Is it true that you have to be prepared to take risks to become invested in the world of bitcoin? That’s certainly a common theory and one that’s gained particular momentum in recent months as observers increasingly scrutinise its status as a ‘safe haven’.
It’s fair to say that there is less general knowledge of bitcoin than there is of other investment sectors. It is seen by many as unknown or experimental, a perception that perhaps stems from the fact that the platform has only been around for about ten years. Bitcoin is still regularly placed in the same category as high-growth stocks and venture capital investments. But as more industries begin to feel its effects, what is the truth about bitcoin?
It’s important to bear in mind that perceptions of bitcoin can often alter according to the broader performance of the market. In instances when the market is performing well and everything is on the up, these so-called ‘risk assets’ can out-perform those safer bets.
However, where markets aren’t moving as confidently, it’s natural for platforms perceived as being more experimental to become less appealing, as investors instead favour those very same safer bets, such as gold and treasury bonds, while eliminating bitcoin and other cryptocurrencies as being too high risk. But this is perhaps a little unfair. That the perception of bitcoin changes depending on the markets surrounding it perhaps speaks volumes but, as the business community wakes up to bright concepts like AI, more prudent ways to judge its qualities as a financial product are emerging.
Resilience and potential
The properties that properly define whether a financial product is high-risk or safe are various, including the very fundamentals of the asset itself, but they are just as often hard to pin down. Of course, share price can help paint an accurate picture of the future cash flow of a business, and this is generally affected by aspects like customer demand, which help make those businesses either more or less affected by market movement. Other examples, like Gold, have a relatively consistent supply and demand infrastructure, making it fare better where there are downturns or just unexpected movements as a part of the market cycle.
But perhaps what’s most important is the correlation and behaviour of assets against the backdrop of market perception – that perception being how investors may view the asset in a volatile marketplace. As is the case for any market, the pertinent questions investors often ask themselves revolve around an asset’s vulnerability during tough times, alongside its potential during brighter periods. With all of that taken into consideration, it’s encouraging that many investors continue to view Bitcoin as a safe haven.

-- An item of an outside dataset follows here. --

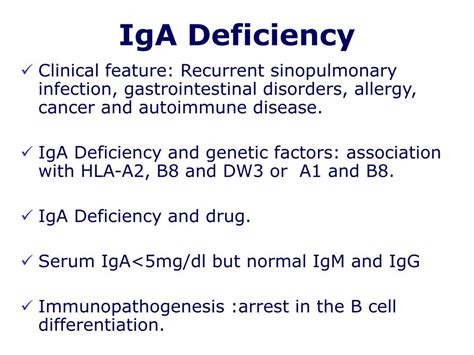 iga deficiency and viral infections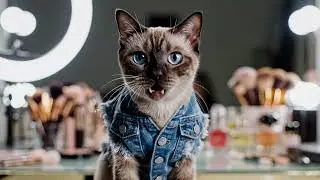 CAT does GRWM MODERN CAT😂😂😂😂😂😂😂😂😂#cat #moderncat #fypシ゚viral #funny #grwm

But perception probably doesn’t do bitcoin justice. It is borderless and open, which helps the bitcoin exchange remain resilient, even when external political factors come into play. Its fixed supply also makes it an attractive commodity to keep hold of and move, so it’s somewhat perplexing that bitcoin continues to endure its label as a high-risk investment.
The eye of the beholder
There are fewer more powerful forces than perception, which is why bitcoin’s qualities and weaknesses arguably remain very much in the eye of the beholder.